Cool. Keep us posted

1023bytes · on June 8, 2019

Why is it called Zanzibar though? I'm kind of intrigued

pronoiac · on June 8, 2019

There's another thread about naming it - https://twitter.com/LeaKissner/status/1136691523104280576

The original name was Spice, which was nixed from a higher-up; they went to Zanzibar, one of the Spice Islands.

ddebernardy · on June 9, 2019

Odd. Zanzibar is off the coast of Tanzania in East Africa. The Spice Islands (the Moluccas) are in Eastern Indonesia.

pronoiac · on June 9, 2019

I was going by the twitter thread, but I looked and found this in Wikipedia:

> the Zanzibar Archipelago, together with Tanzania's Mafia Island, are sometimes referred to locally as the "Spice Islands" (a term borrowed from the Maluku Islands of Indonesia).

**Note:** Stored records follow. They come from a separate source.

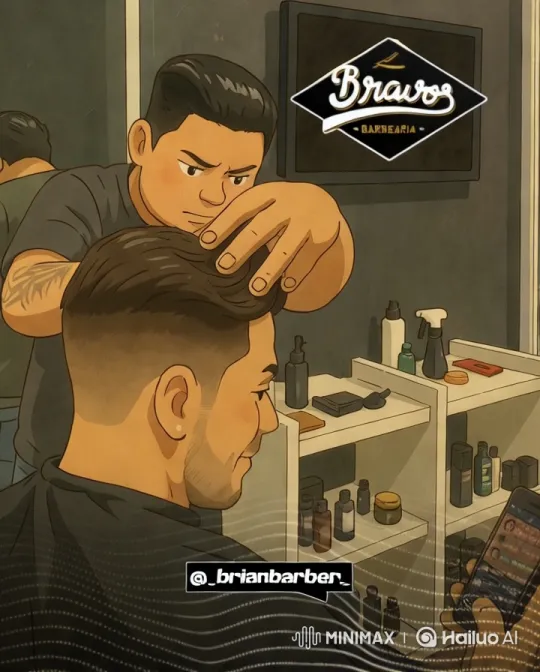 Artistic Modern Barbershop Haircut Experience – AI Generated Video | Hailuo AI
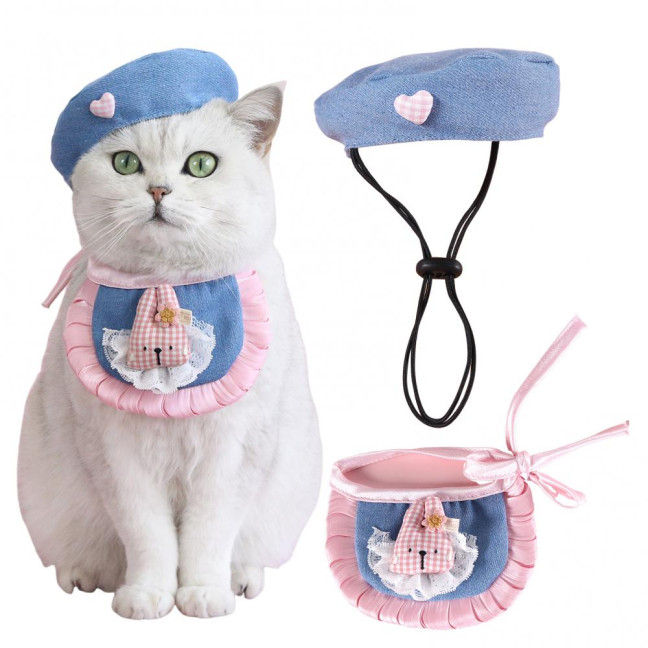 Cartoon Pet Costume Small Dog Beret Hat with Adjustable Straps Denim Pet Bandana Dress-up Accessories for Small Medium Dogs Cats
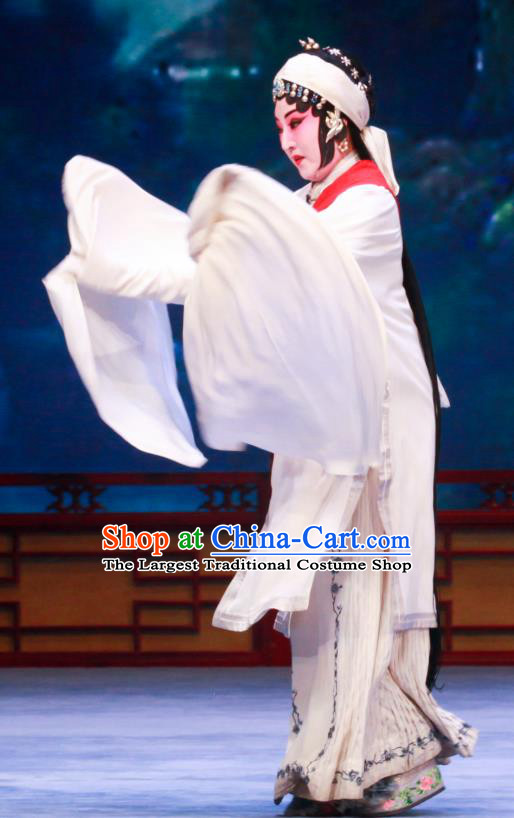 Chinese Ping Opera Distress Maiden Apparels Costumes and Headpieces Shao Gu Ji Traditional Pingju Opera Young Female White Dress Garment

https://en.wikipedia.org/wiki/Zanzibar

GMLOOKO · on June 12, 2019

sonnyblarney · on June 8, 2019

What's interesting to me here is not the ACL thing, it's how in a way 'straight forward' this all seems to be.

It's the large architecture of a fairly basic system, done I supposed 'professionally'.

I'm curious to know how this works organizationally. What kind of architects involved because this system would have to interact with any number of others, so how do they do requirements gathering? Do they just 'have experience' and 'know what needs to be done' or is this something socialized with 'all the other teams'?

And how many chefs in that kitchen once the preparation starts? Because there's clearly a lot of pieces. Do they have just a few folks wire it out and then check with others? Who reviews designs for such a big thing?

Or was all of this developed organically, over time?

delroth · on June 8, 2019

Zanzibar is basically the brainchild of a Bigtable Tech Lead + a Principal Engineer from Google's security and privacy team [1]. This led to a very sound and robust original design for the system. But it also greatly evolved over time as the system scaled up and got new clients with new requirements and new workloads.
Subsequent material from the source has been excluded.